- Task to complete -
Your answer must be an exact copy of the data below, minus any pictures.

- Dataset section -

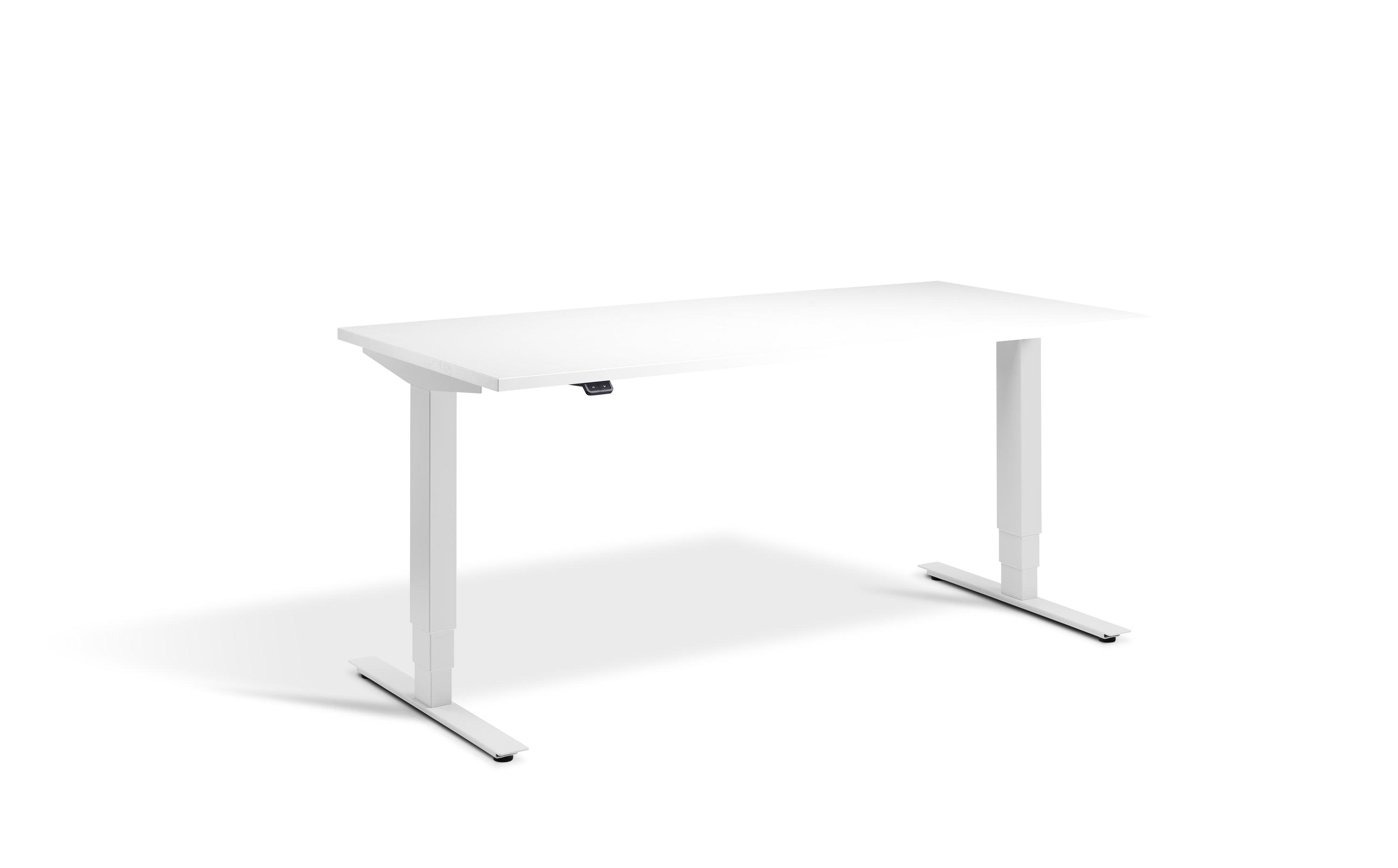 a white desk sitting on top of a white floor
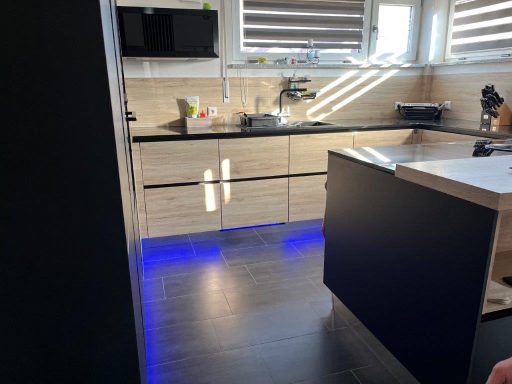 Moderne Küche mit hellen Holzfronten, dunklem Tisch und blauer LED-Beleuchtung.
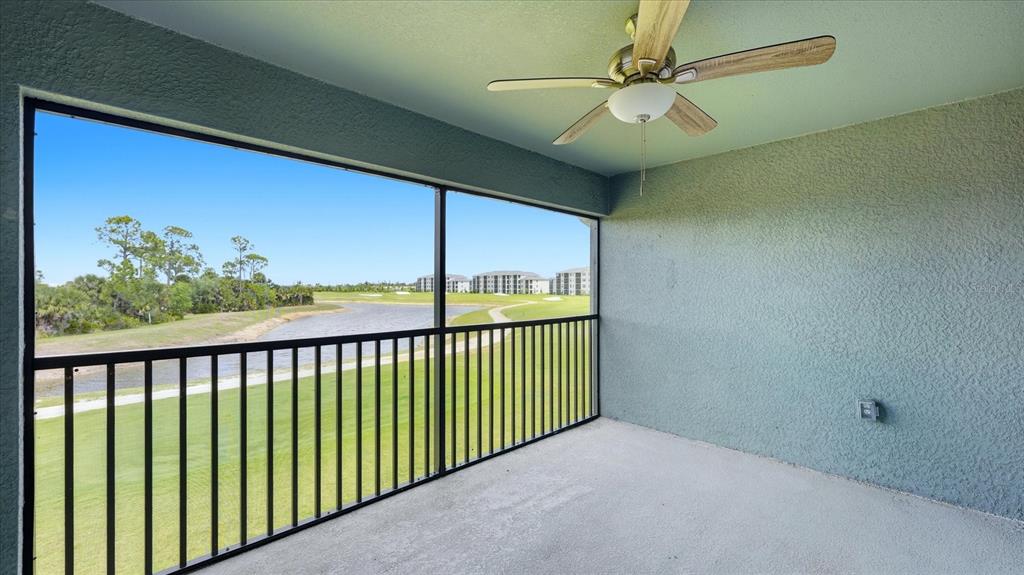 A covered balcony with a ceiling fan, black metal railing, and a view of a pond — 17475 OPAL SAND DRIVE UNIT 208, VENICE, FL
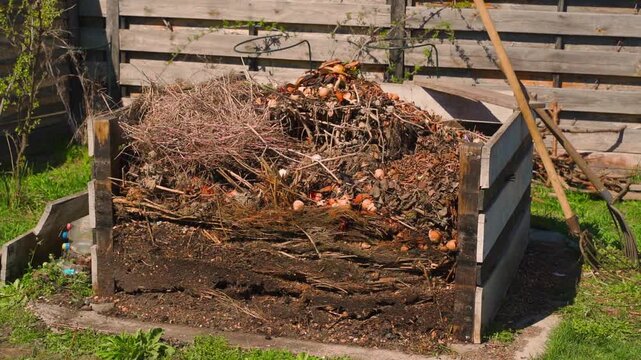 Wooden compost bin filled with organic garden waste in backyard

- Written solution -
 a white desk sitting on top of a white floor
 Moderne Küche mit hellen Holzfronten, dunklem Tisch und blauer LED-Beleuchtung.
 A covered balcony with a ceiling fan, black metal railing, and a view of a pond — 17475 OPAL SAND DRIVE UNIT 208, VENICE, FL
 Wooden compost bin filled with organic garden waste in backyard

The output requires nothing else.